### [DIRECTIONS FOR THIS TASK]
The expected result is an exact copy of the lines from the one holding "1948-S BOOKER T" to the last line of the material, with pictures removed and nothing added.

### [COLLECTED MATERIAL]
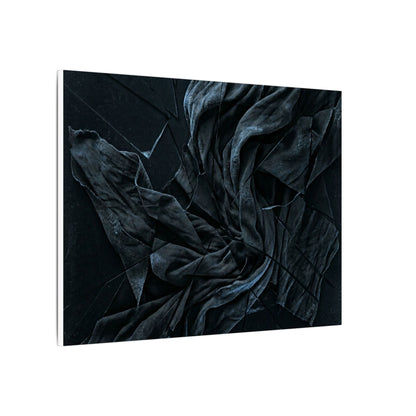 Dark Japandi Silk Drape in Moonlight | Moody Minimal Canvas Art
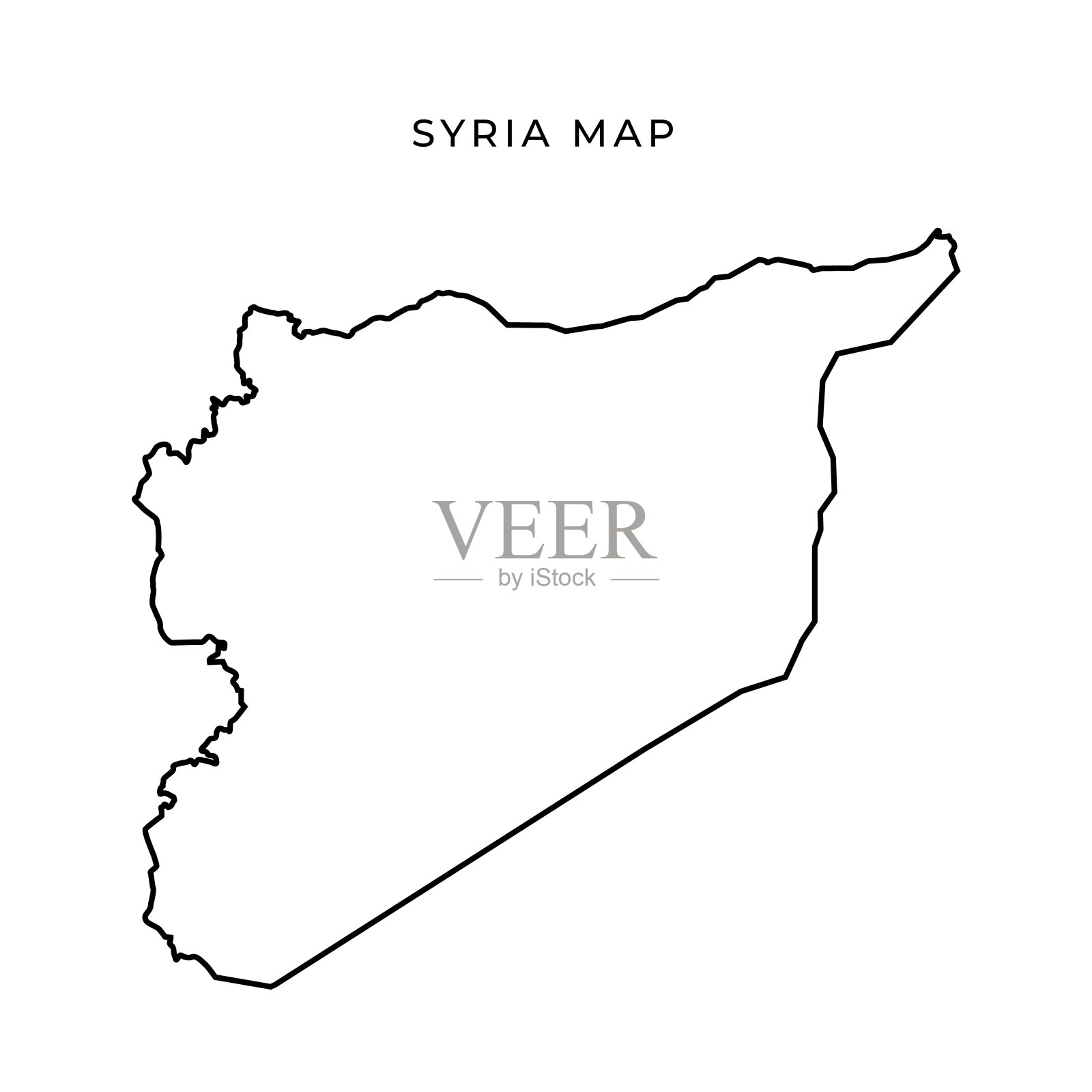 叙利亚地图大纲。高度详细的矢量地图叙利亚在白色背景。叙利亚-固体黑色轮廓边界地图的国家地区。插画图片素材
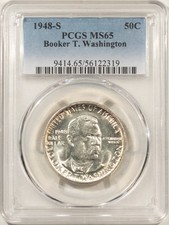 1948-S BOOKER T WASHINGTON COMMEMORATIVE HALF - PCGS MS-65, BLAST WHITE, SEMI PL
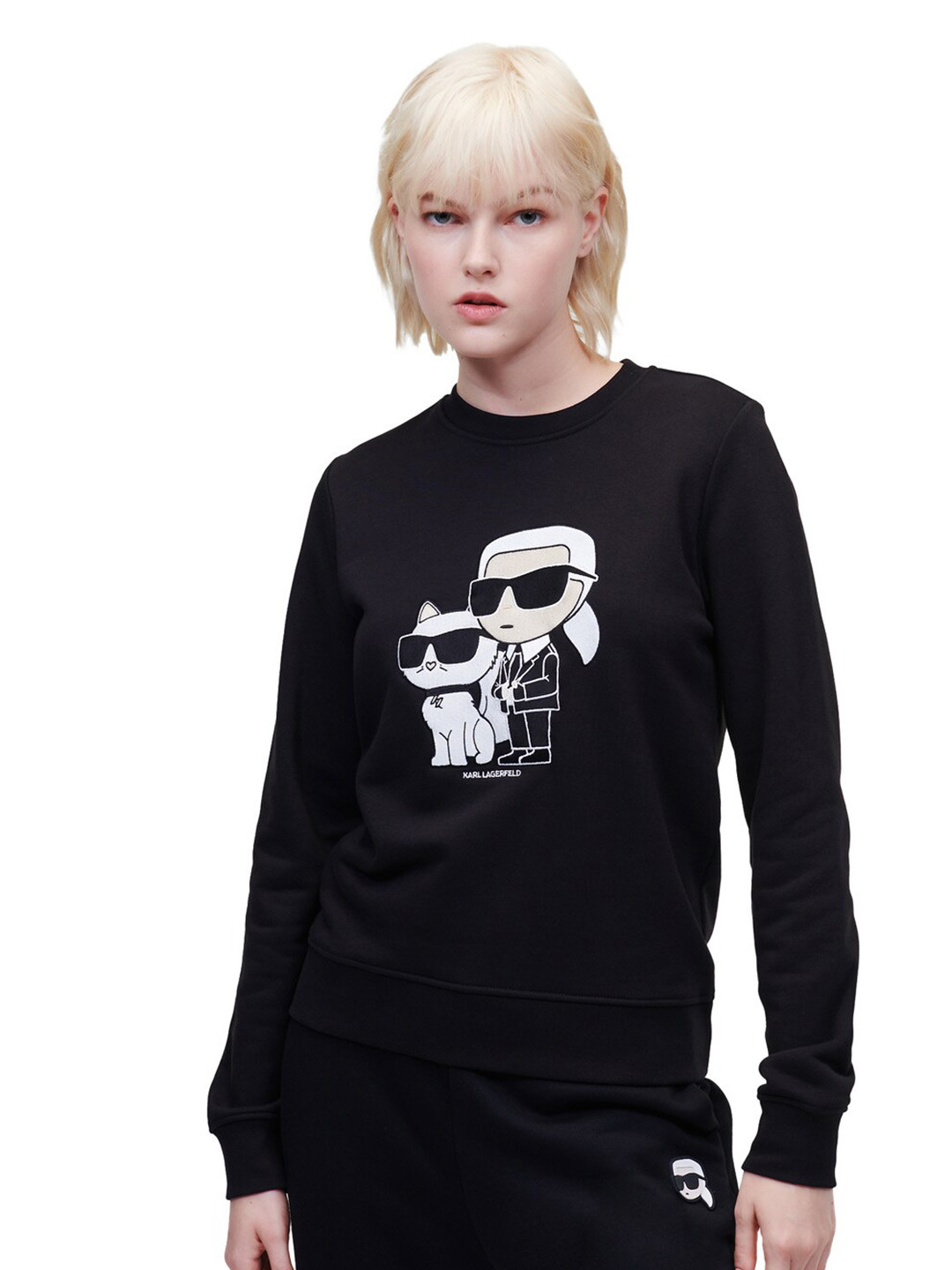 

Karl Lagerfeld Women Printed Sweatshirt, Black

### [SOLUTION FOR THIS PROBLEM]
 1948-S BOOKER T WASHINGTON COMMEMORATIVE HALF - PCGS MS-65, BLAST WHITE, SEMI PL

Karl Lagerfeld Women Printed Sweatshirt, Black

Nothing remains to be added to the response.